I would do something like this on jQuery. Place this in your page header:
$(document).ready(function(){
$(p).each(function(){
$(this).removeAttr("class");
//or $(this).removeclass("className");
})
});
Maybe it's a bit overkill for your need, but, to parse/validate/clean HTML data, the best tool I know is HTML Purifier
It allows you to define which tags, and which attributes, are OK ; and/or which ones are not ; and it gives valid/clean (X)HTML as output.
(Using regexes to "parse" HTML seems OK at the beginning... And then, when you want to add specific stuff, it generally becomes hell to understand/maintain)
You load the HTML into a DOMDocument class, load that into simpleXML. Then you do an XPath query for all p elements and then loop through them.
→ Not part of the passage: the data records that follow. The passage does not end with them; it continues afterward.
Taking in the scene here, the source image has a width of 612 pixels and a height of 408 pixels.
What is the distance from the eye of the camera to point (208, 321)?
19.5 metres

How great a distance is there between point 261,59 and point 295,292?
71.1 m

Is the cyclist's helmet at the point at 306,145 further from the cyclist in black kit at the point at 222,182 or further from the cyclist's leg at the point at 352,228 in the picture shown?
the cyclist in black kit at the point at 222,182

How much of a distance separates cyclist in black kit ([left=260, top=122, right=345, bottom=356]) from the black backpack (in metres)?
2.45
On each loop, you rename the class attribute to something like "killmeplease".
When that's done, reoutput the simpleXML as XML (which, by the way, may change the HTML, but usually only for the better), and you will have a HTML string where each p has a class of "killmeplease". Use str_replace to actually remove them.
Example:
$html_file = "somehtmlfile.html";
$dom = new DOMDocument();
$dom->loadHTMLFile($html_file);
$xml = simplexml_import_dom($dom);
$paragraphs = $xml->xpath("//p");
foreach($paragraphs as $paragraph) {
$paragraph['class'] = "killmeplease";
}
$new_html = $xml->asXML();
$better_html = str_replace('class="killmeplease"', "", $new_html);
Or, if you want to make the code more simple but tangle with preg_replace, you could go with:
$html_file = "somehtmlfile.html";
$html_string = file_get_contents($html_file);
$bad_p_class = "/(<p ).*(class=.*)(\s.*>)/";
$better_html = preg_replace($bad_p_class, '$1 $3', $html_string);
The tricky part with regular expressions is they tend to be greedy and trying to turn that off can cause problems if your p element tag has a line break in it. But give either of those a shot.
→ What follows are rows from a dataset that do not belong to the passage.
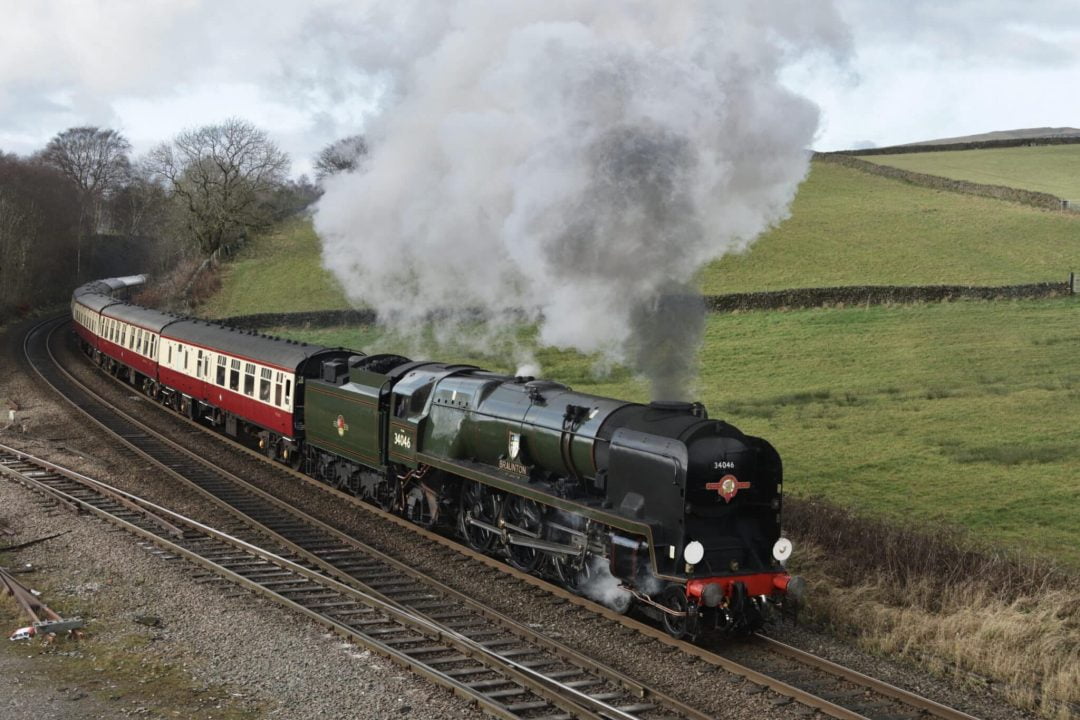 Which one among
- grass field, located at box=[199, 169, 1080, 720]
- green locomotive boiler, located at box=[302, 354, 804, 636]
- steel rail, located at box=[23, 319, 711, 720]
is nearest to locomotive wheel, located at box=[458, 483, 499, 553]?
green locomotive boiler, located at box=[302, 354, 804, 636]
HTML can be very tricky to regex because of the hundreds of different ways code can be written or formatted.
The HTML purifier is a mature open source library for cleaning up HTML. I would advise its usage in this case.
In HTML purifier's configuration documentation, you can specify classes and attributes which should be allowed and what the purifier should do if it finds them.